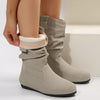 Large Size Flat Bottom Women Buskin Suede Stitching Women Round-toe Boots - Paternora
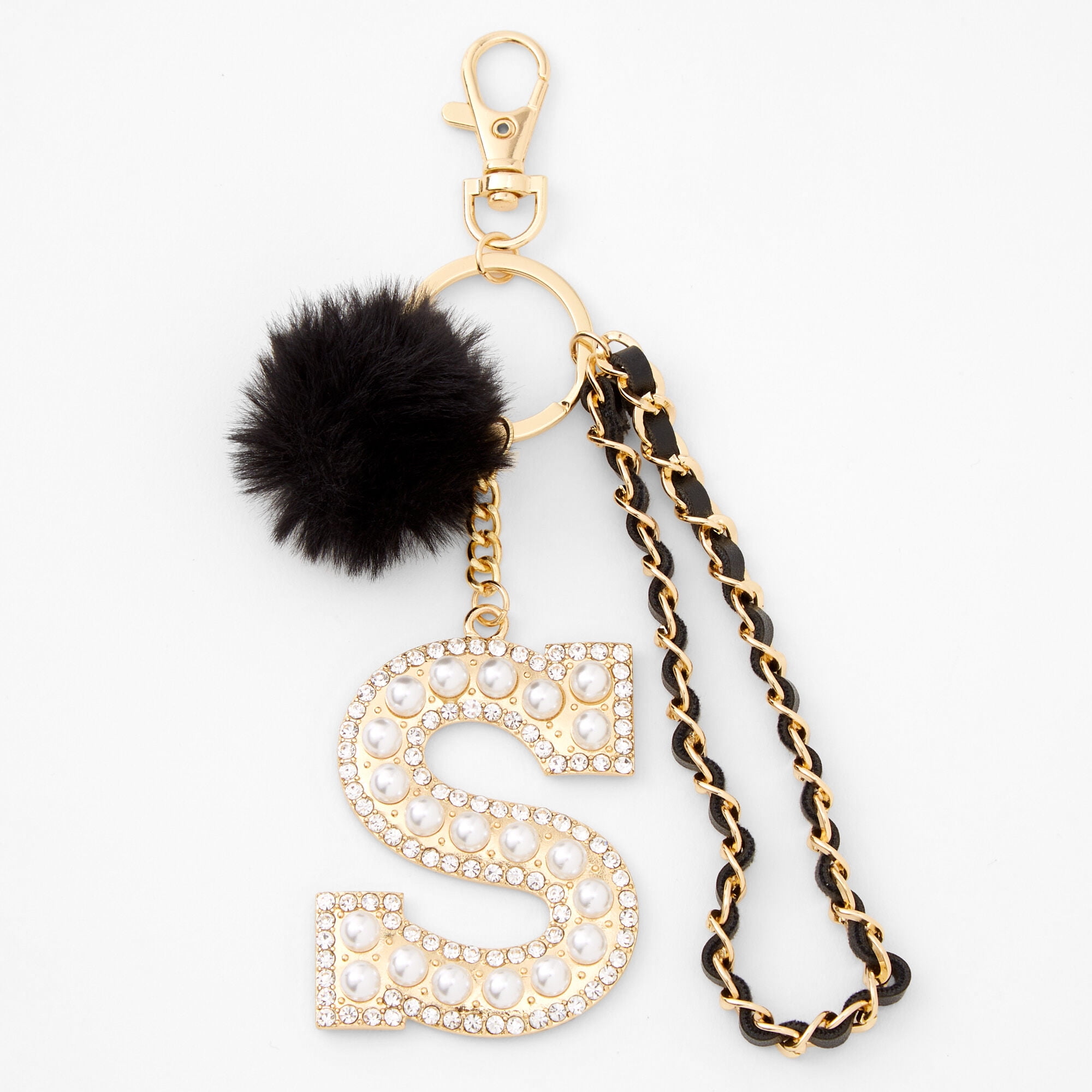 Little Luxuries Designs Glitter Filled Black and Gold Acrylic Letter/Initial with Pom Pom Keychain/Bag Charm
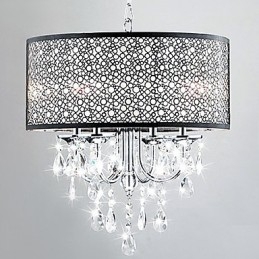 Modern 4 Light Pendant Light with Crystal Drops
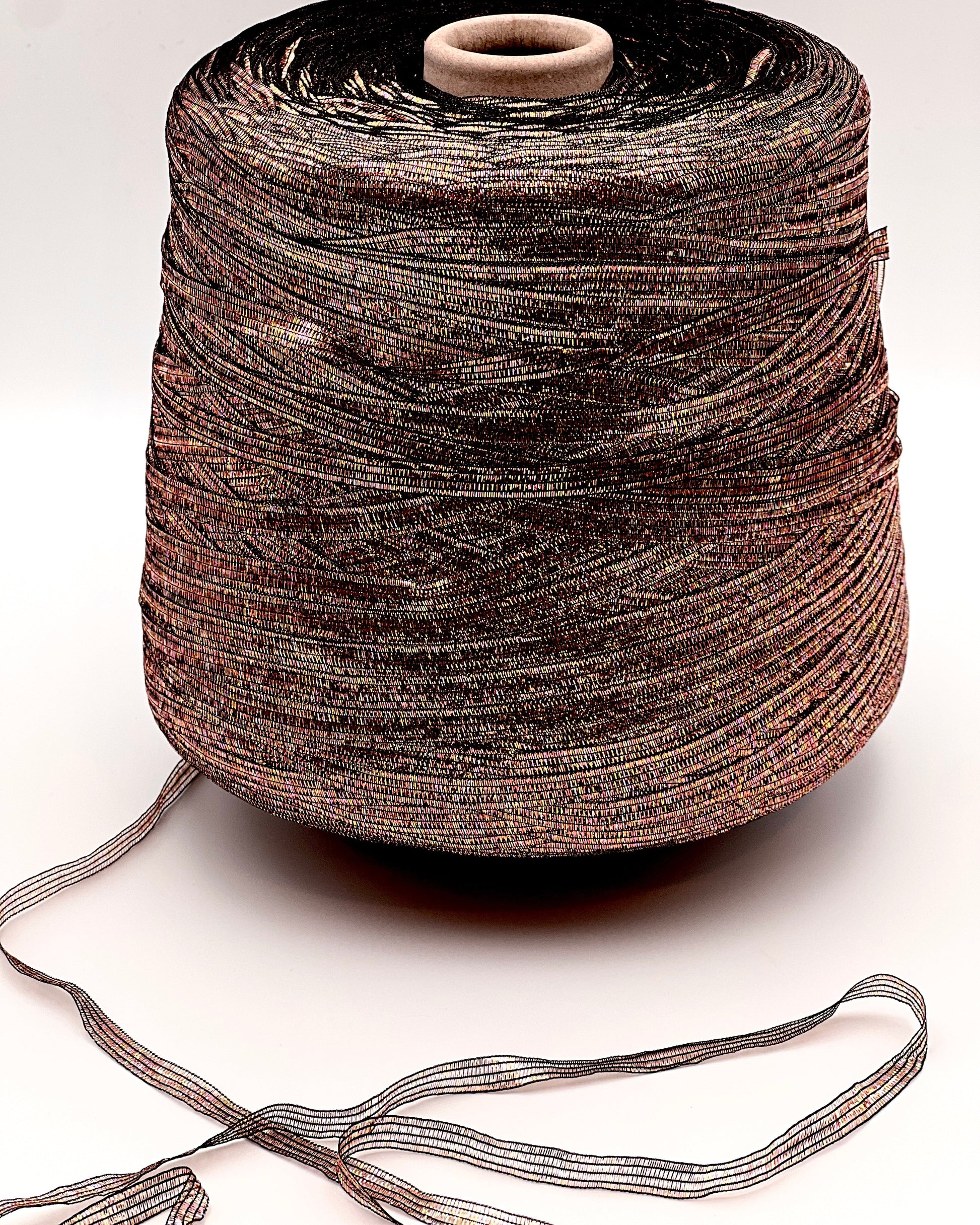 Vimar 1991 Eco Polis Italian open ladder lurex ribbon yarn in iridescent antique rose gold balls from iDOKNiT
========================
## What the task asks
Reproduce the full listing verbatim so that only the pictures are missing.

## Response to this exercise
 Large Size Flat Bottom Women Buskin Suede Stitching Women Round-toe Boots - Paternora
 Little Luxuries Designs Glitter Filled Black and Gold Acrylic Letter/Initial with Pom Pom Keychain/Bag Charm
 Modern 4 Light Pendant Light with Crystal Drops
 Vimar 1991 Eco Polis Italian open ladder lurex ribbon yarn in iridescent antique rose gold balls from iDOKNiT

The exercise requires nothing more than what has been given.